[[ Exercise input open ]]

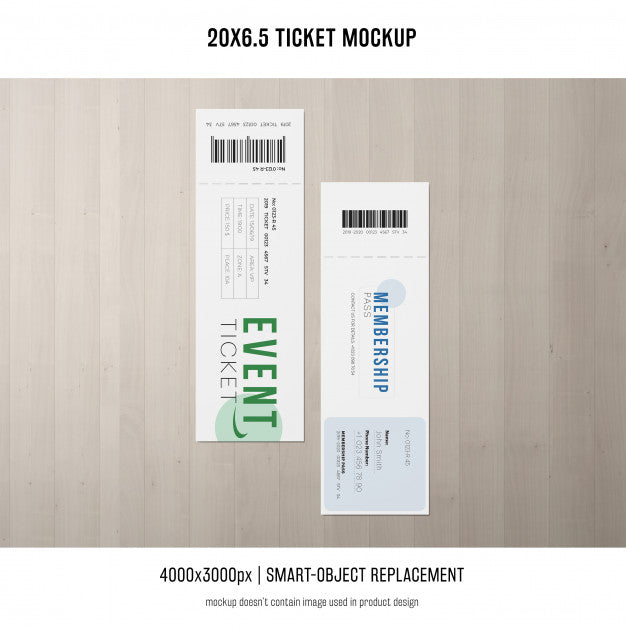 Ticket Mockup Psd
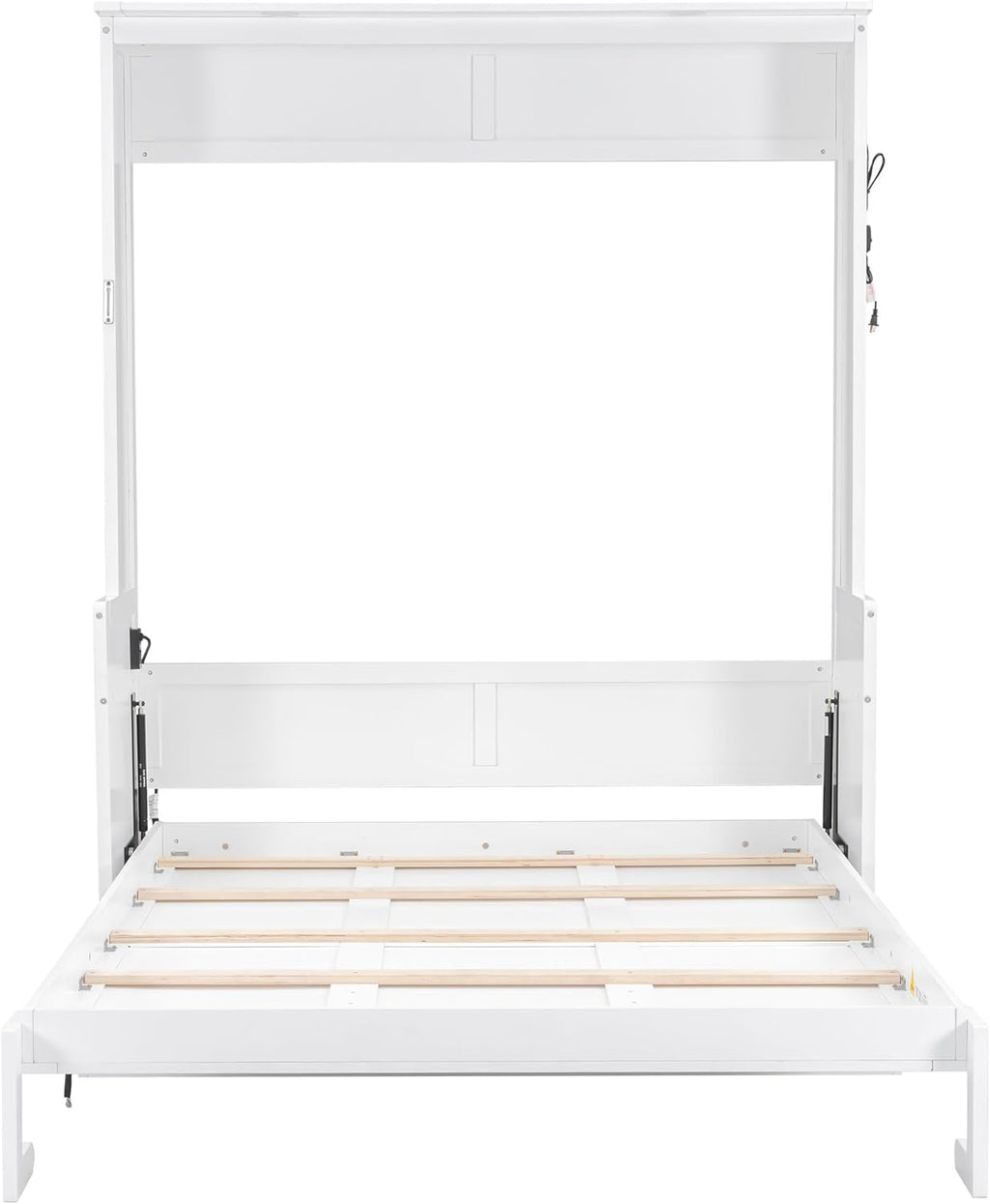 Merax Full Size Murphy Bed with Sofa Chair, Can be Folded Wall Bed with Storage Shelves and Light for Guest Room,Living Room and Bedroom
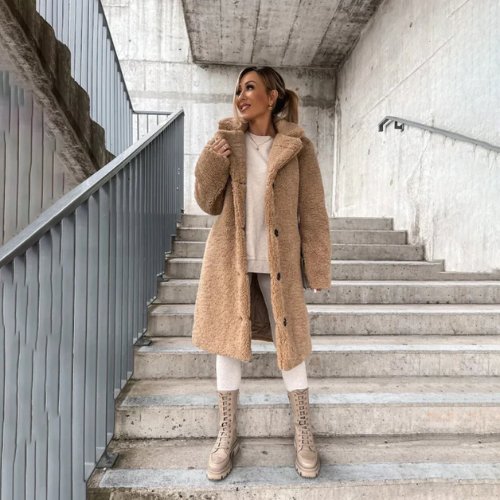 Nomi | Unieke Teddy herfst Jas-Zomer Jassen-Calora-Beige-S-Calora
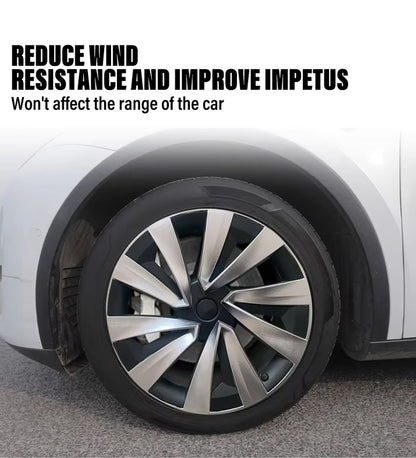 TESLA 2025 Model Y Juniper ABS 19" Wheel Cover Spiral Style Hubcaps 1 Set (4pcs) - Silver with black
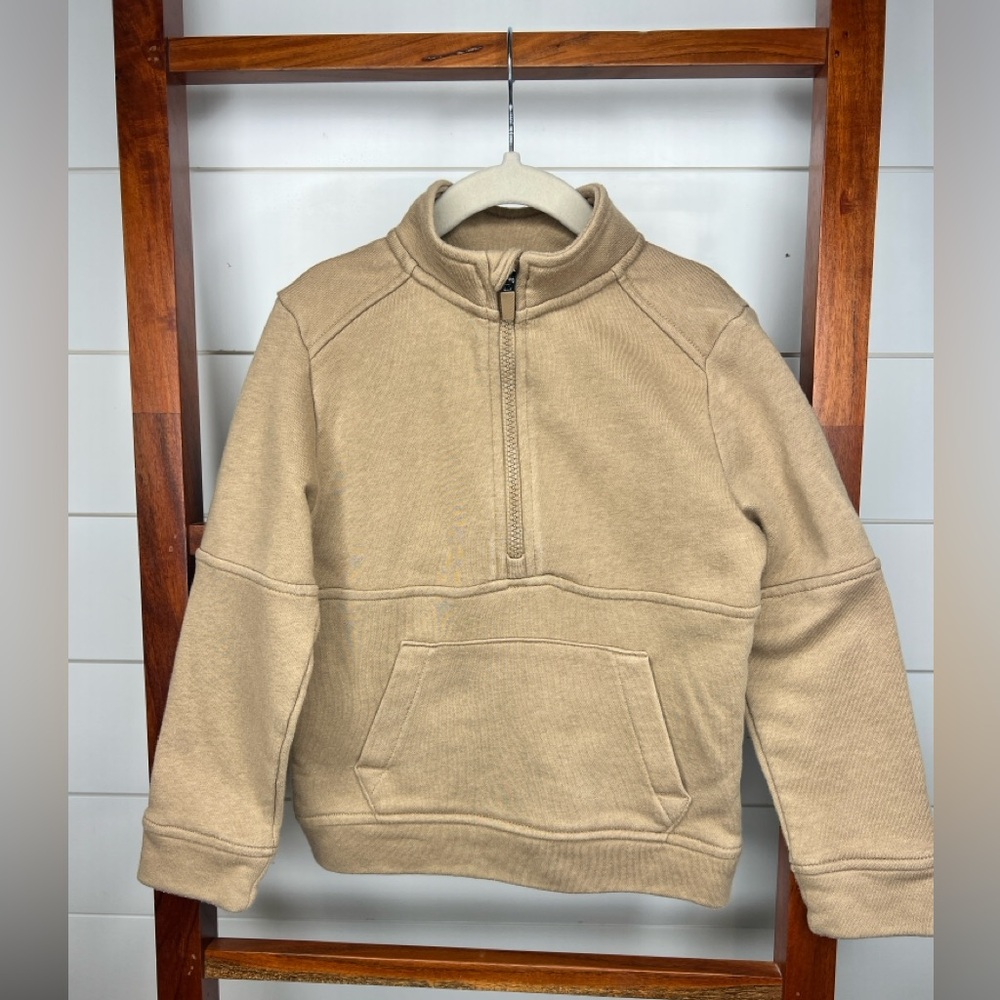 Boys Tan, 5T, Quarter Zip, light-weight sweatshirt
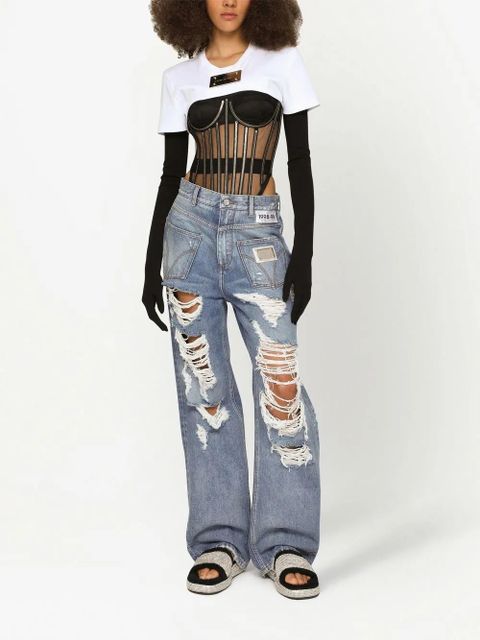 Dolce & Gabbana KIM DOLCE&GABBANA tulle corset top - Black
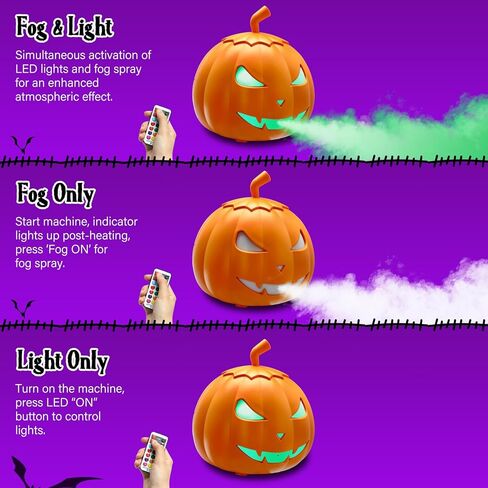 آلة ضباب TCFUNDY 800 وات مع أضواء، آلة دخان اليقطين مع 12 لونًا من أضواء LED، صانع الضباب مع جهاز تحكم عن بعد لديكور الشرفة الأمامية للهالوين، مسرح الحفلات المنزلية المسكونة in Kuwait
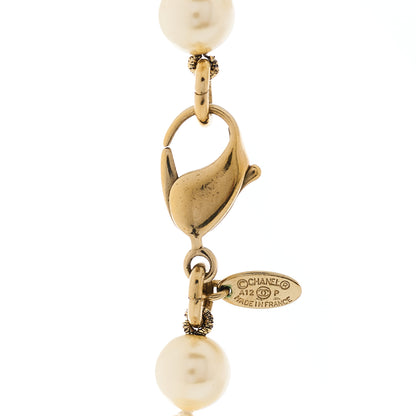Chanel Graduated Pearl Crystal CC Long Necklace Silver 4 of 4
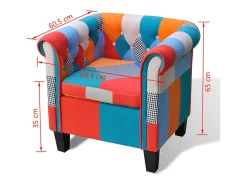 Poltrona de tecido com design de retalhos SHL479384^ Poltrona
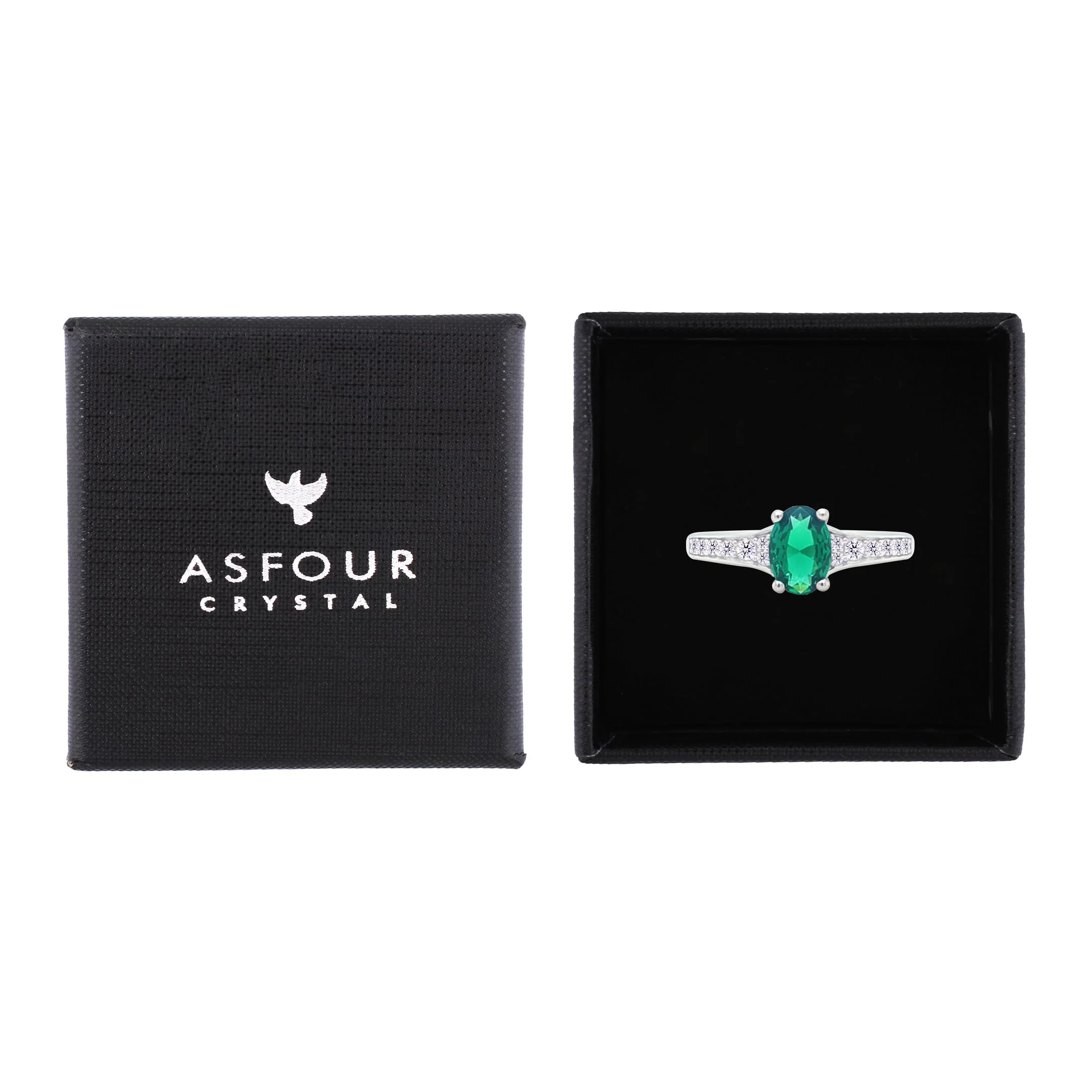 Asfour Crystal Fashion Ring With Emerald Green Oval Design In 925 Sterling Silver-RM0157-G-7 - Image 2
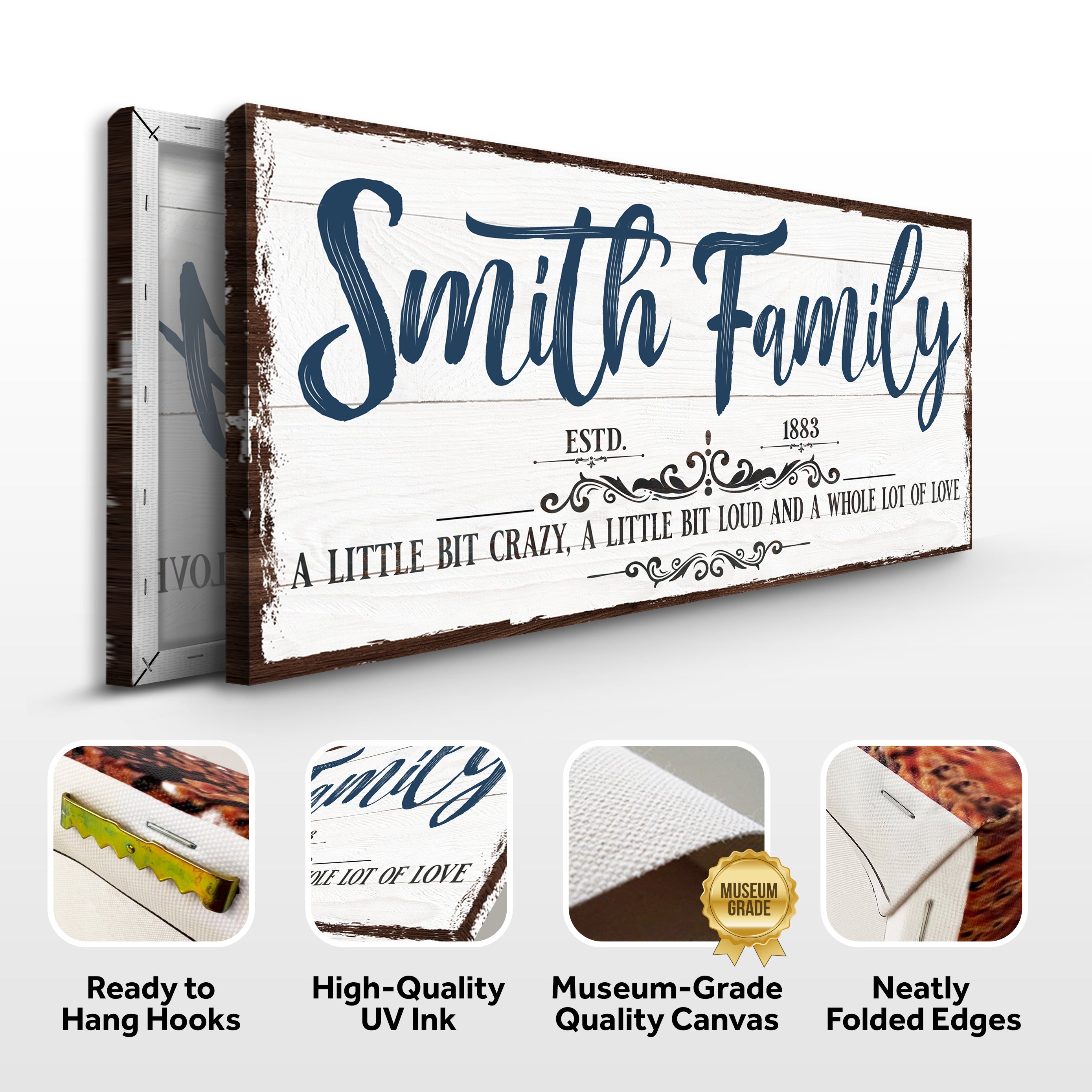 Custom Name Sign Canvas | Personalized Last Name Sign | Family A Little Bit Of Crazy Home Decor | Wedding Anniversary Gift | This is Us Sign ETSY on sale at MyriadMart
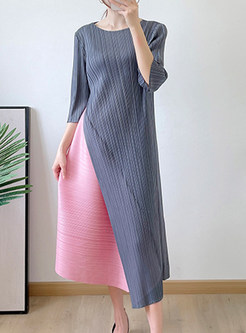 Crewneck Half Sleeve Color Contrast Plus Size Dresses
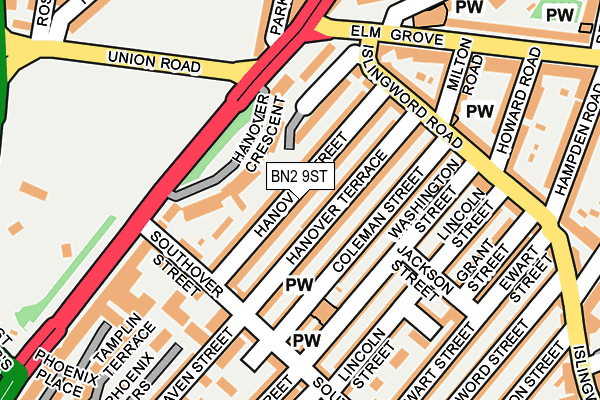 BN2 9ST map - OS OpenMap – Local (Ordnance Survey)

[[ Exercise input closed ]]

--- Requirement ---
The answer consists of the lines from the one holding "TESLA 2025 Model" to the end of the records, inclusive, restated exactly and without pictures.

--- Result for this exercise ---
 TESLA 2025 Model Y Juniper ABS 19" Wheel Cover Spiral Style Hubcaps 1 Set (4pcs) - Silver with black
 Boys Tan, 5T, Quarter Zip, light-weight sweatshirt
 Dolce & Gabbana KIM DOLCE&GABBANA tulle corset top - Black
 آلة ضباب TCFUNDY 800 وات مع أضواء، آلة دخان اليقطين مع 12 لونًا من أضواء LED، صانع الضباب مع جهاز تحكم عن بعد لديكور الشرفة الأمامية للهالوين، مسرح الحفلات المنزلية المسكونة in Kuwait
Chanel Graduated Pearl Crystal CC Long Necklace Silver 4 of 4
 Poltrona de tecido com design de retalhos SHL479384^ Poltrona
 Asfour Crystal Fashion Ring With Emerald Green Oval Design In 925 Sterling Silver-RM0157-G-7 - Image 2
 Custom Name Sign Canvas | Personalized Last Name Sign | Family A Little Bit Of Crazy Home Decor | Wedding Anniversary Gift | This is Us Sign ETSY on sale at MyriadMart
 Crewneck Half Sleeve Color Contrast Plus Size Dresses
 BN2 9ST map - OS OpenMap – Local (Ordnance Survey)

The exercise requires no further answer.